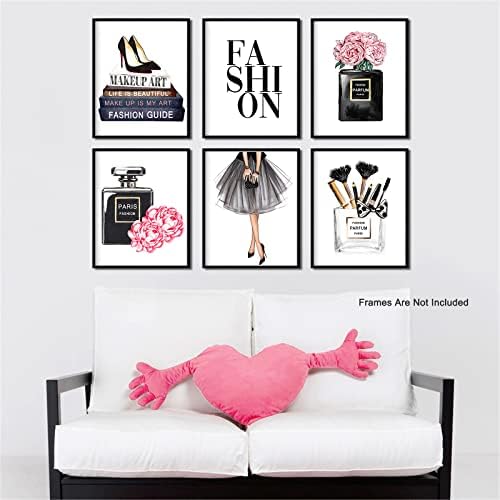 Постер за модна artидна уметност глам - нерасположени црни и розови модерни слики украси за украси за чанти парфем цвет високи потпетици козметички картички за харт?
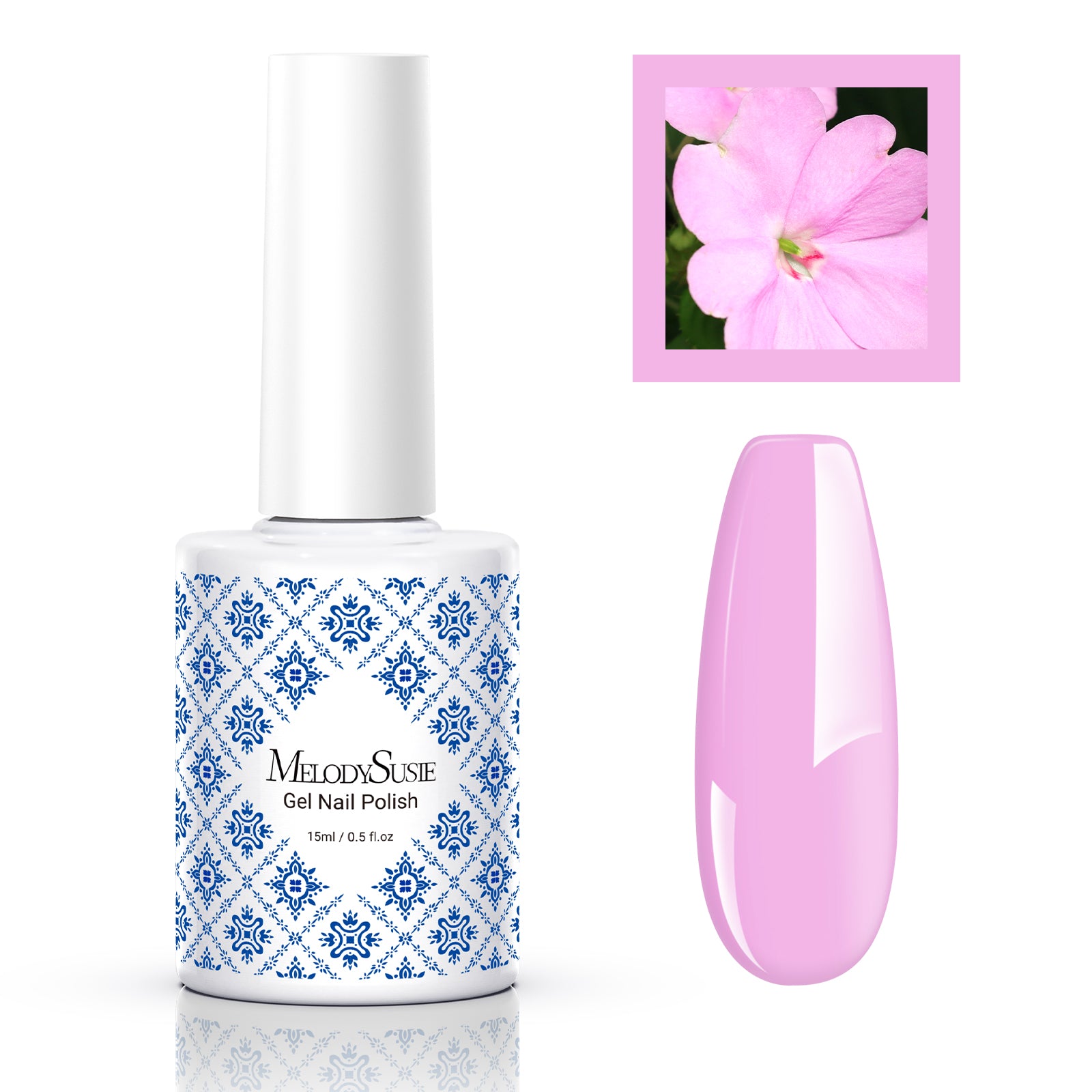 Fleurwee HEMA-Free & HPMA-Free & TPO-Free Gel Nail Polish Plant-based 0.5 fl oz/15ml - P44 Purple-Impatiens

::::::::

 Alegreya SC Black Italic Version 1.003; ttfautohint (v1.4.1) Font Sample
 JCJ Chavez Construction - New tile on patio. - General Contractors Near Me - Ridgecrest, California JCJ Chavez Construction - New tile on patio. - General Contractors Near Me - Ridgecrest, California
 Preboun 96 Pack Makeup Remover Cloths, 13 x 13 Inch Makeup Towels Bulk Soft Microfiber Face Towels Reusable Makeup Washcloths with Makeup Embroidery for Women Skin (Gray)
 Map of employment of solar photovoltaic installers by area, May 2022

::::::::

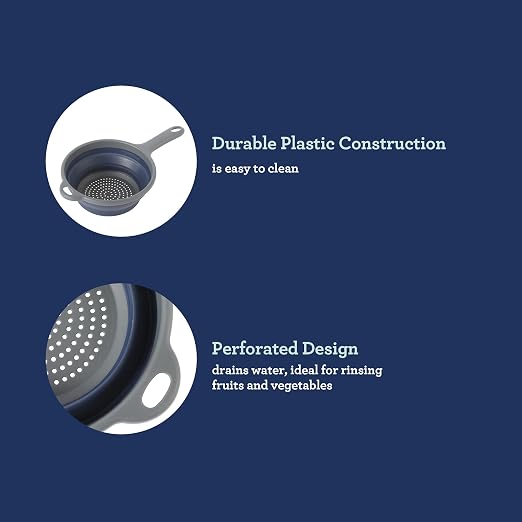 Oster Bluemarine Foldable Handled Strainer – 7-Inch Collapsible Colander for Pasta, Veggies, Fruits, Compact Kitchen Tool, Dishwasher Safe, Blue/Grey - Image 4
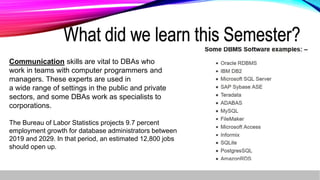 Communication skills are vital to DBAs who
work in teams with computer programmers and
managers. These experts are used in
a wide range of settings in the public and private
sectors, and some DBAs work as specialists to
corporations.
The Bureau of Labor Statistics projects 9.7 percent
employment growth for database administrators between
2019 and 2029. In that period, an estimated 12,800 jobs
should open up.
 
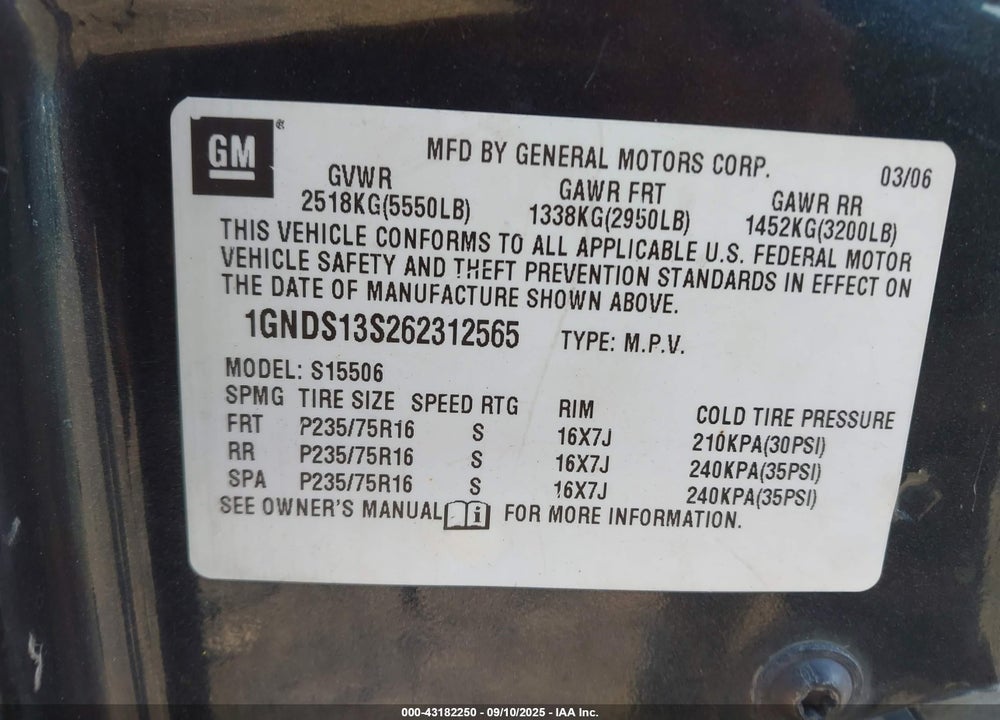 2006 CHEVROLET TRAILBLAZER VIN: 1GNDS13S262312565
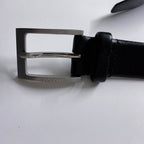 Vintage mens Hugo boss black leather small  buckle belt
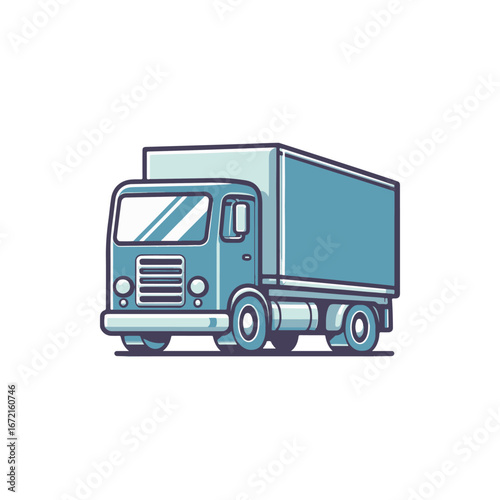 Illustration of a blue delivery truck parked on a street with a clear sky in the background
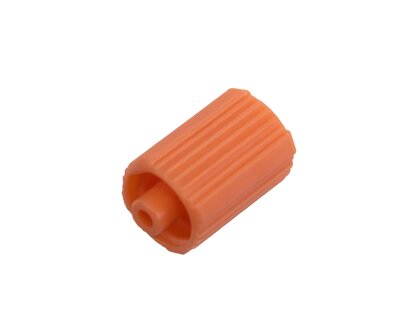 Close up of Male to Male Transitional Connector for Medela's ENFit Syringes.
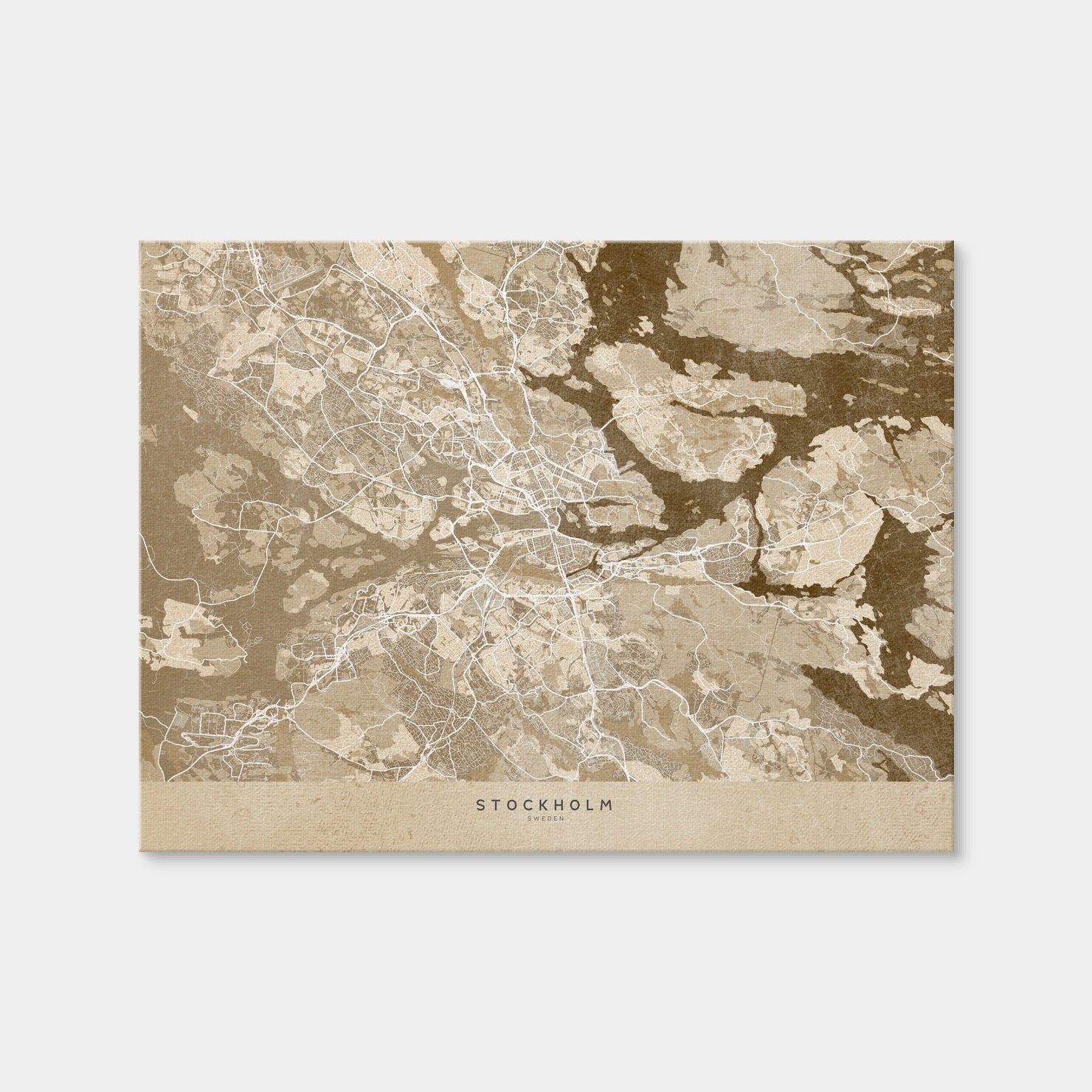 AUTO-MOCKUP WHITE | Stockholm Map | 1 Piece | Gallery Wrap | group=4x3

::::::::

**Task description**
Starting at the line above that contains "The Bureau of", transcribe every line exactly through the line that contains "Vintage mens Hugo", including that last one, and skip the pictures.

**Exercise solution**
The Bureau of Labor Statistics projects 9.7 percent
employment growth for database administrators between
2019 and 2029. In that period, an estimated 12,800 jobs
should open up.
 
 2006 CHEVROLET TRAILBLAZER VIN: 1GNDS13S262312565
 Vintage mens Hugo boss black leather small  buckle belt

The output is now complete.